Re: Idea for improving buildfarm robustness

From: Tom Lane <tgl(at)sss(dot)pgh(dot)pa(dot)us>
To: Jim Nasby <Jim(dot)Nasby(at)bluetreble(dot)com>
Cc: Alvaro Herrera <alvherre(at)2ndquadrant(dot)com>, Joe Conway <mail(at)joeconway(dot)com>, Josh Berkus <josh(at)agliodbs(dot)com>, pgsql-hackers(at)postgresql(dot)org
Subject: Re: Idea for improving buildfarm robustness
Date: 2015-09-30 13:59:18
Message-ID: 3196.1443621558@sss.pgh.pa.us
Views: Raw Message | Whole Thread | Download mbox | Resend email
Thread:
Lists: pgsql-hackers

Jim Nasby <Jim(dot)Nasby(at)bluetreble(dot)com> writes:
> Ouch.
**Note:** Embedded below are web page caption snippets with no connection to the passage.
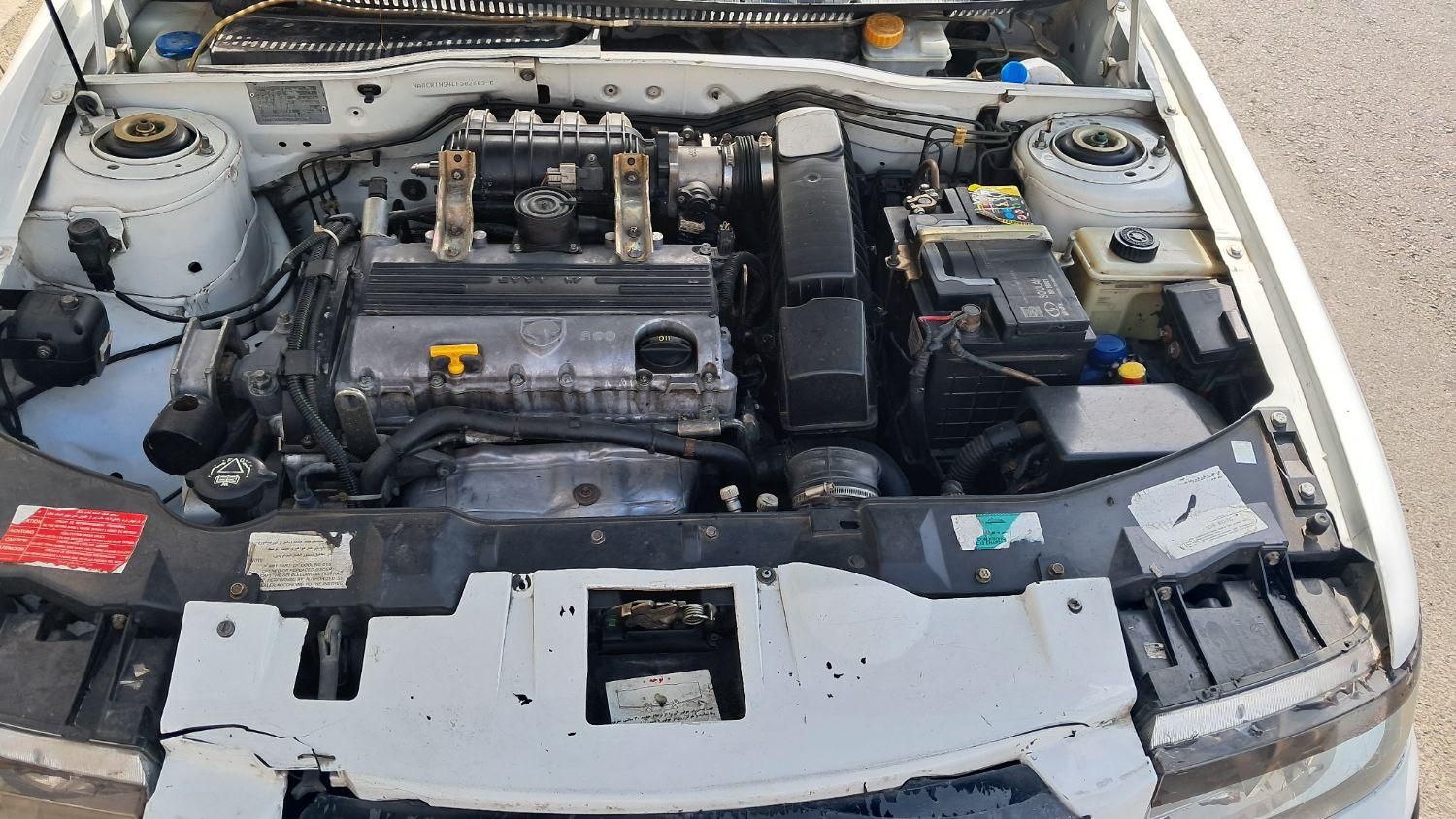 سمند LX EF7 - 1390
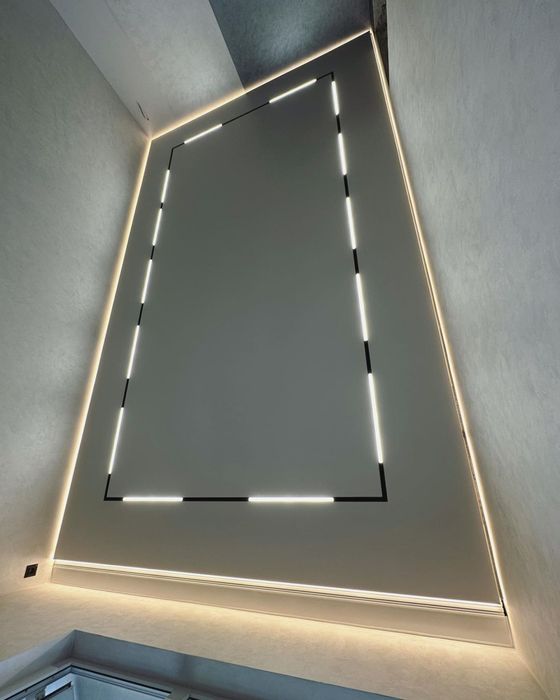 Натяжные потолки Натяжной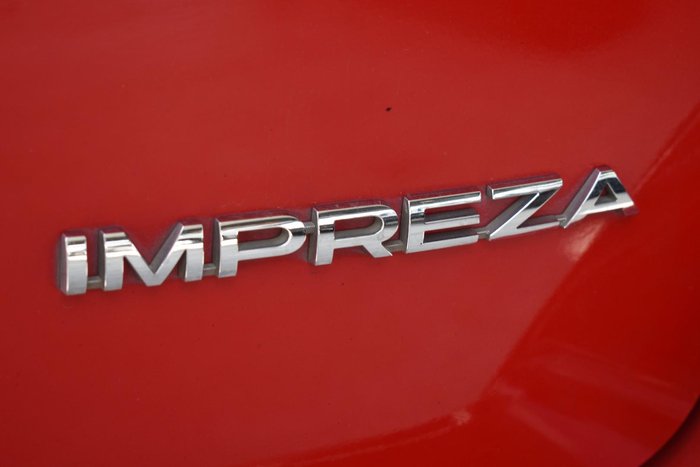 2019 Subaru Impreza 2.0i-L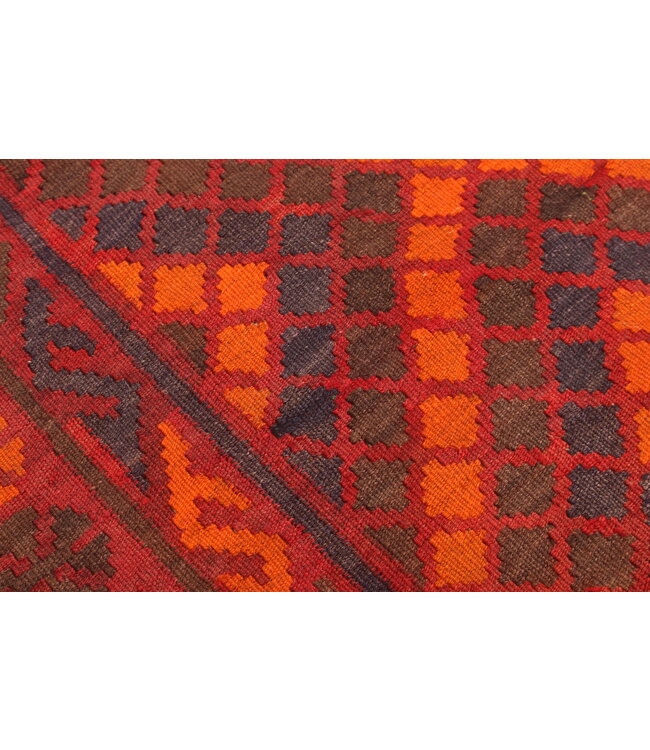 316x230cm Vintage Kilim Old style 100% wool Kilim Rug Maimana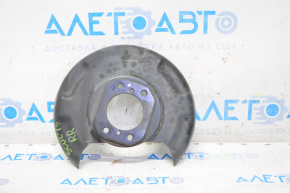 Brake Disc Cover Rear Right Kia Soul 14-19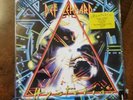 Def leppard Hysteria Vinyl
So it sounds like there's value to seeing if pg_control isn't what
> we expect it to be.

> Instead of looking at the inode (portability problem), what if
> pg_control contained a random number that was created at initdb time? On
> startup postmaster would read that value and then if it ever changed
> after that you'd know something just went wrong.

> Perhaps even stronger would be to write a new random value on startup;
> that way you'd know if an old copy accidentally got put in place.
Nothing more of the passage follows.